Data section |
──────────────────────────────
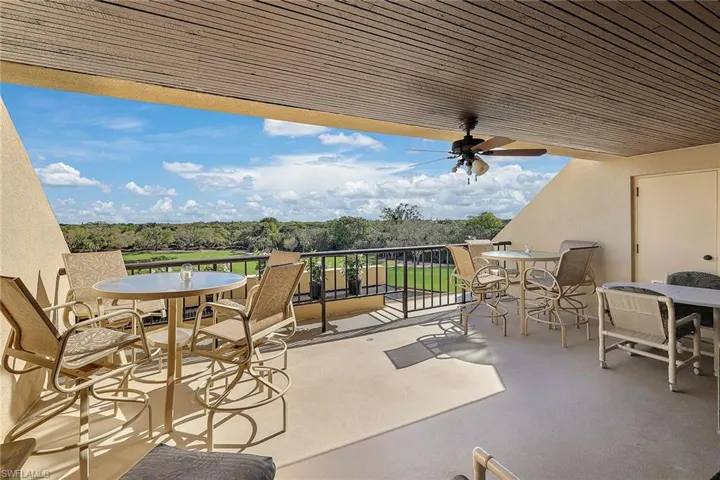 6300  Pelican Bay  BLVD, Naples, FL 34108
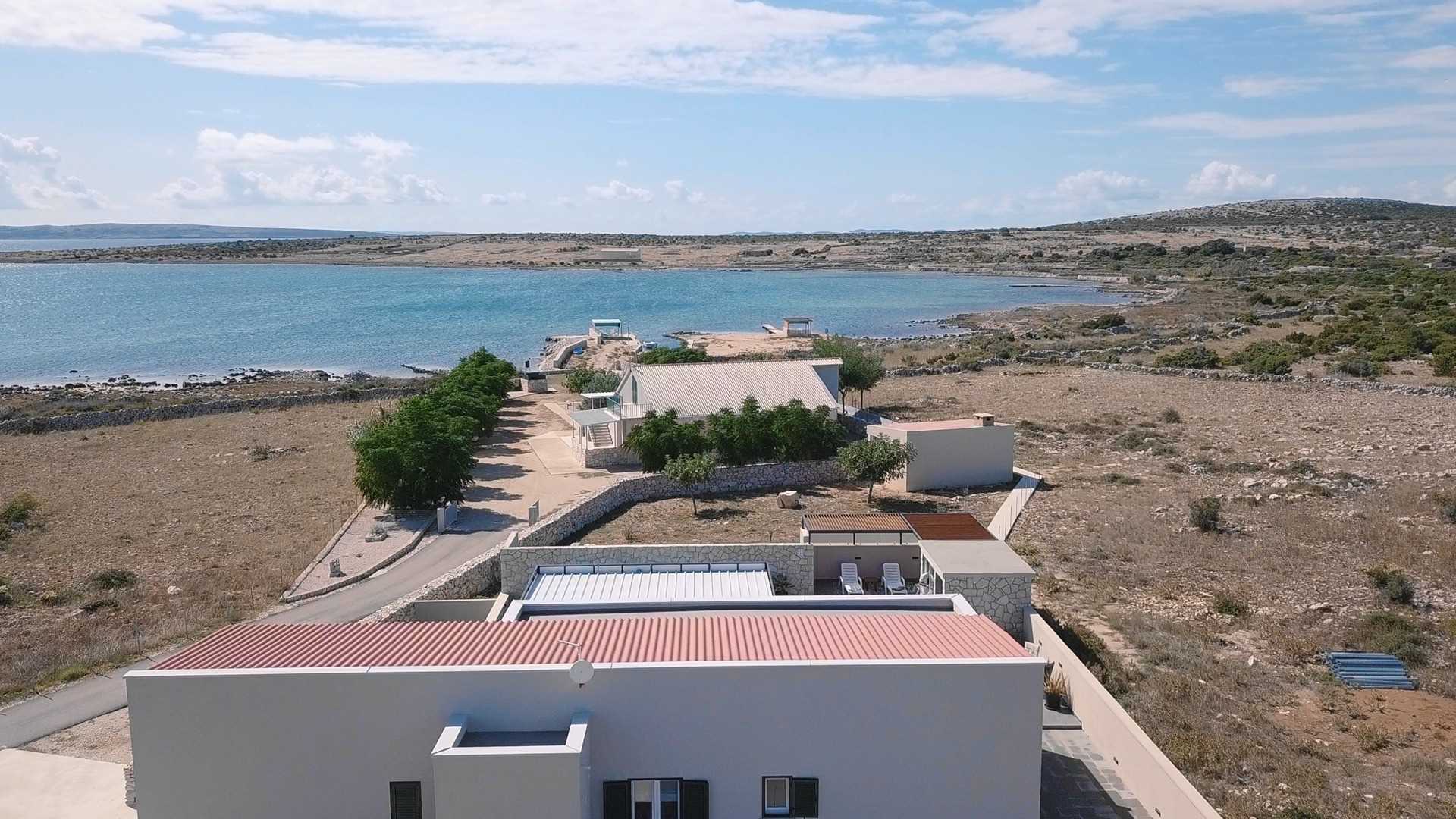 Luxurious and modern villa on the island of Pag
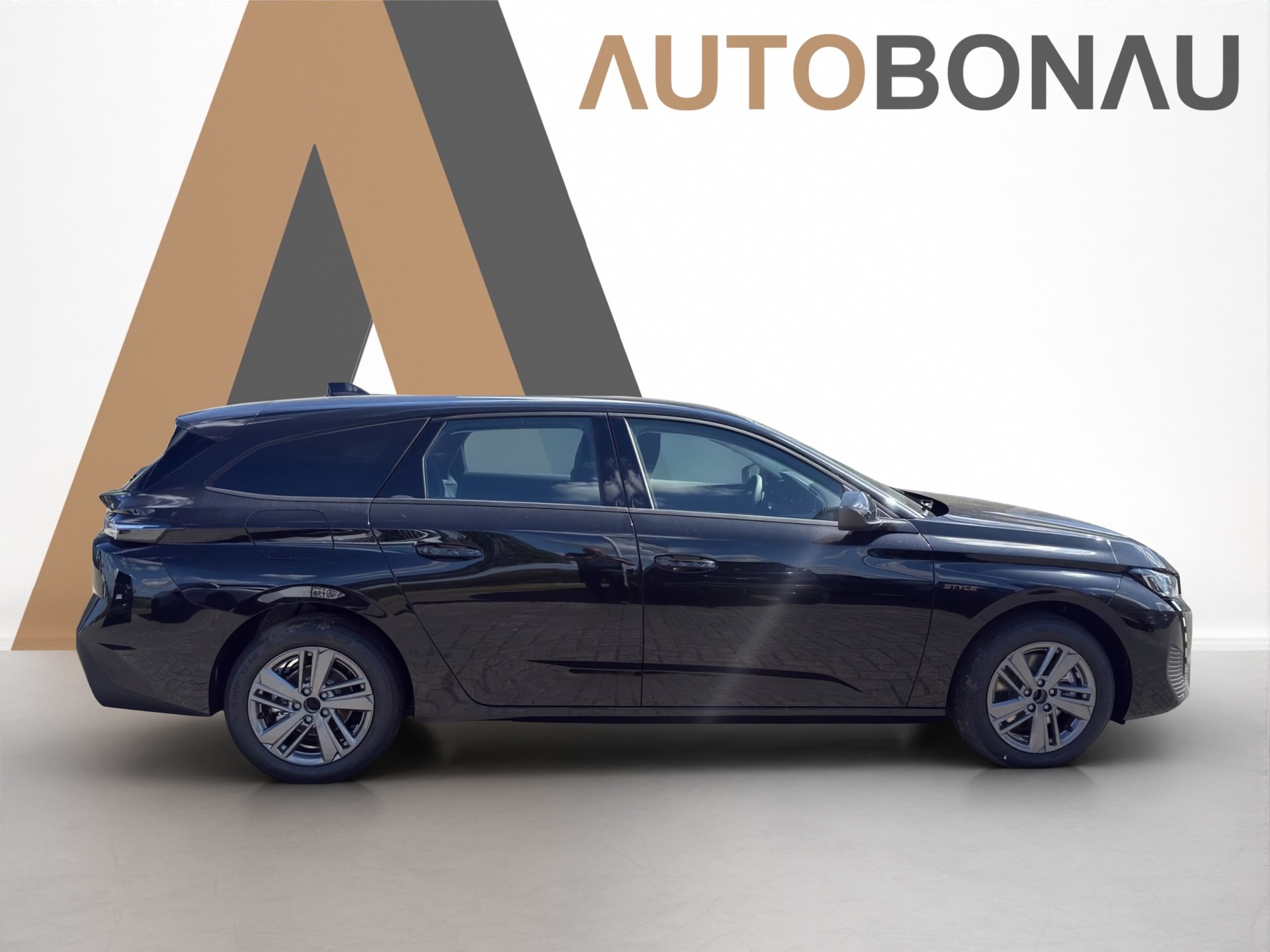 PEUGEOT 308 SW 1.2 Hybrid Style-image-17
──────────────────────────────
Prompt |
Output precisely the lines in the material above from the line containing "Luxurious and modern" through its last line, and omit pictures.

Task result |
 Luxurious and modern villa on the island of Pag
 PEUGEOT 308 SW 1.2 Hybrid Style-image-17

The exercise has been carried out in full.